COSC 201: Computer Organization

Lab 4: Synchronization of parallel threads in Assembly Language

Purpose
Learn how to use ll and sc instructions to coordinate parallel threads with shared memory.
Method
Write assembly code to modify a sequential program to work in parallel.
Preparation
Read Chapter 2 in the text.
Files to Use
          sequential code: MatMultDriver.s, FPMatMult.s
parallel code start: MatMultDriverPar.s, FPMatMulParallel.s
What to Hand In
Completed FPMatMultParallelXX.s and generalMatMultXX.txt (XX are your initials or name)

The sequential code files carry out a computation for 4x4 matrices of doubles: X = X + Y*Z. This code uses three nested loop, the outer two loops run over the indices, i, j, of the X matrix to be computed, and the inner loop completes the computation for the new value of that X(i, j). Run the code a step at a time

Your job is to change this to a parallel computation that could run on two, four, or more cores or threads.

It is easiest to do this in two steps. First step is to replace the nested loops for i and j that each run 0 to 3 for the two indices, to a single loop that has an index job that runs 0 to 15. For each value of job, read the j index from the low order two bits of the job index and read the i index from the next two bits of the job index. (Hint: use shift and mask operations.)

The second step is to change this to parallel code by adding a location in memory immediately after the matrices labeled count and initially containing a word with value 0. This is done in the driver code. The address of this location should be passed as an additional parameter. In the matrix multiplication function, rather than having an outer loop that runs over the job index, the value of the job index should be read from the given memory location. This should be done using the load-linked and store-conditional instructions so as to avoid a race condition (think fetch-and-increment), so that different processors always get different indices and all the job indices are done by some processor. Any processor that gets a job value greater than 15 should terminate. Otherwise the inner loop should run as specified in the sequential code. If your code is correct, it should run and give the same results as the sequential code, even using the ll and sc instructions.

Write a text (or word) file, generalMatMultXX, that describes two things:

  1. Run your parallel code a step at a time and observe how the job count is loaded into $t3. Then keep running the code but when the multiplication routine is running (a step at a time), double click the memory location where job count is stored and change its value to a higher value. The next time your code fetches a job, what is it?
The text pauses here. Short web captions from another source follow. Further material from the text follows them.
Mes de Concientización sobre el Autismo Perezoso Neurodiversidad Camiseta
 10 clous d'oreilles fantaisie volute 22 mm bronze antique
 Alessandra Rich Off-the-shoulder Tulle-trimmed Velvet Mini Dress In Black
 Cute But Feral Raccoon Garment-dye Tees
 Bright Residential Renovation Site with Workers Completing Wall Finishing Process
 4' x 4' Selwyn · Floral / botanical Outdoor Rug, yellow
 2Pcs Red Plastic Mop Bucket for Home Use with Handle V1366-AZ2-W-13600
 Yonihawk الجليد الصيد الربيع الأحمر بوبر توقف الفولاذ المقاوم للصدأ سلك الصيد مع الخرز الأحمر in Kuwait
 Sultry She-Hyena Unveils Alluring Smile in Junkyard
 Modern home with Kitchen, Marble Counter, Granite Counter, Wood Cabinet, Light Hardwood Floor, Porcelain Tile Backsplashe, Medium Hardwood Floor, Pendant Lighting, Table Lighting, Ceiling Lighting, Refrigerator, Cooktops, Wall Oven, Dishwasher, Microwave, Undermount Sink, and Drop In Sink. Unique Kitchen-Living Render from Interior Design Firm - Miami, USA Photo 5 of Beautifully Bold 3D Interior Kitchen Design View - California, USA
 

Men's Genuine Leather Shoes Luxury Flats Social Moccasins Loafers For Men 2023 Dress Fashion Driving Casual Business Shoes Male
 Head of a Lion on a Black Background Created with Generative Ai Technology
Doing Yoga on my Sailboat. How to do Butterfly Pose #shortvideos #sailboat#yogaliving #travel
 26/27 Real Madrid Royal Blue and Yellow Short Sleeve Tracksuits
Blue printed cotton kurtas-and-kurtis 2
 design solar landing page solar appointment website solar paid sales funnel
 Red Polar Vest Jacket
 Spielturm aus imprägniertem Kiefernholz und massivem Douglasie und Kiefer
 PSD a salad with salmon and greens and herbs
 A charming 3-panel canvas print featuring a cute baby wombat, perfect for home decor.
If you change the value in the memory location between your load-linked and store conditional instructions, does this affect the order of execution (as it should if another processor accessed the memory)?
  2. Describe how you would need to change the code so that you could multiply matrices that had dimensions that were any power of two (e.g. 1024x1024 matrices).

Hand in your file FPMatMultParallelXX.s and your file generalMatMultXX.txt (XX are your initials or name) by emailing them to the instructor.